A powerful PR campaign begins by creating a playbook that includes your goals for the campaign, the messages to convey, the audiences to reach and how to reach them. Results should be measured by setting achievable objectives and evaluating those objectives through the campaign.

Every PR investment decision-maker deserves to know whether the program met or beat its goal. That requires setting reasonable and measurable objectives such as:

  • Did We Outperform Competitors? In a media-driven pro-gram, for example, you might consider a way to compare share-of-voice to market-share; if share-of-voice is the greater of the two, you’ve probably generated more than your fair share versus competitors.

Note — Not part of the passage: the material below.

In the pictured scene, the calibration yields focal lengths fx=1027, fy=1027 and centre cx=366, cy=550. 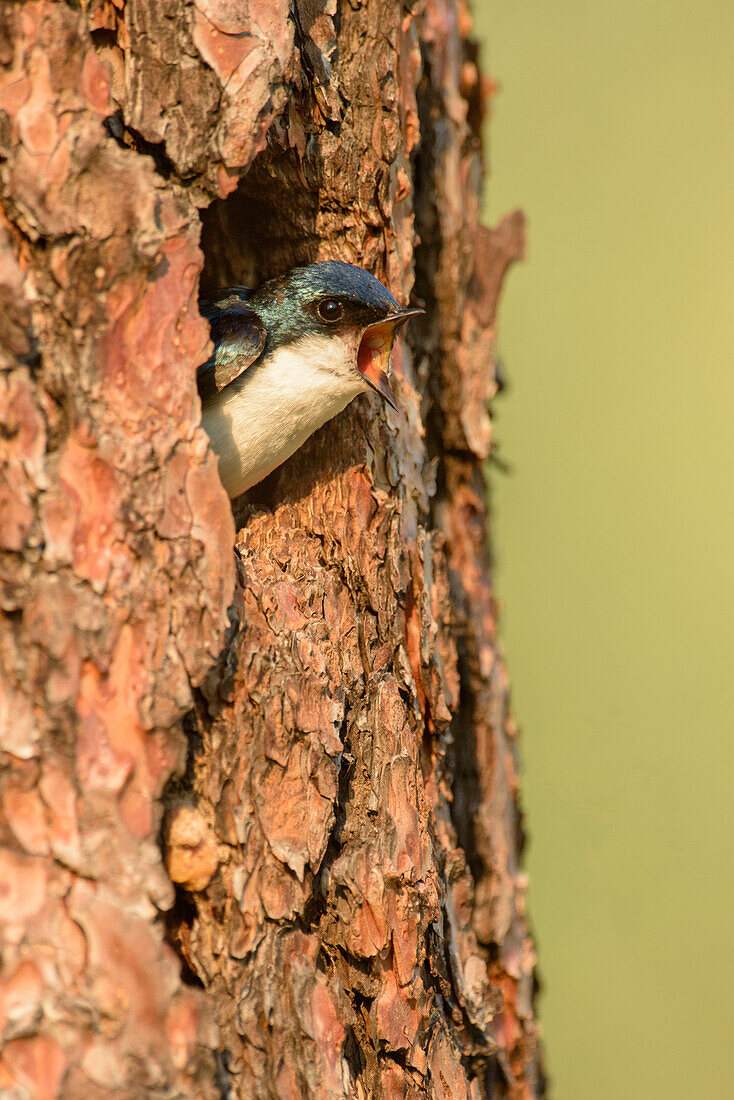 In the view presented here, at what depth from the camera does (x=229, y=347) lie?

  • Did We Deliver Key Messages? Was There Interference? It’s more common to track the delivery of intended messages, but negative or off-topic themes can neutralize or overwhelm what’s intended. 
  • Was the Coverage Prominent? Was It Seen? / Did We Reach Our Target Audiences? Frequency and content are important, but there are other factors that can increase the likelihood for awareness and recall, including: the name of your company or program in headlines; visuals; and the size or length of the news item, not to mention comments, likes, page views and shares.

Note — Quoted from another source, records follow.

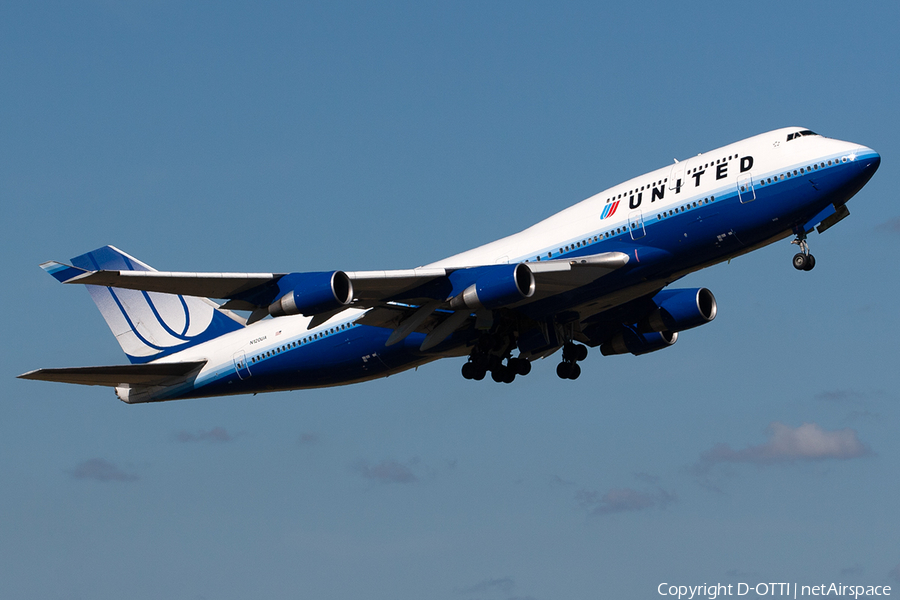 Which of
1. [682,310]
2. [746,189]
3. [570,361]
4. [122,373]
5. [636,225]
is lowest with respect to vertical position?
[570,361]

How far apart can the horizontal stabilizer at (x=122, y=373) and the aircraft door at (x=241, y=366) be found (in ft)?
5.69

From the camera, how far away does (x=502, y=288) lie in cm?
3303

  • Are We Generating a Positive ROI? Is PR Driving Revenue? It is difficult to connect PR to sales.  PR is all about generating awareness, establishing credibility and driving traffic to your company. 
  • Did We Exceed Relative Efficiency When Compared to Other Marketing Disciplines? Improved efficiency over past performance is an important gauge of continual improvement. Comparing PR’s efficiency against other marketing agents can provide helpful context. It’s common for PR to deliver the best ROI within the marketing mix, but if you want to benchmark internally, gain the buy-in of those you’ll be referencing (and the measures by which you’ll be compared).
  • What Worked, What Didn’t? How Do We Improve? What’s Next? Beyond telling you what happened and how you performed, your measurement system should tell you something about your marketing strategy, the messages that resonate and the best channels to reach your targeted audience. 

A successful PR effort is one that meets or exceeds your original expectations. It begins, however, with setting reasonable objectives and finding the right strategy to meaningfully reach your audience. Results should not be based on quantity as much as you should look at quality.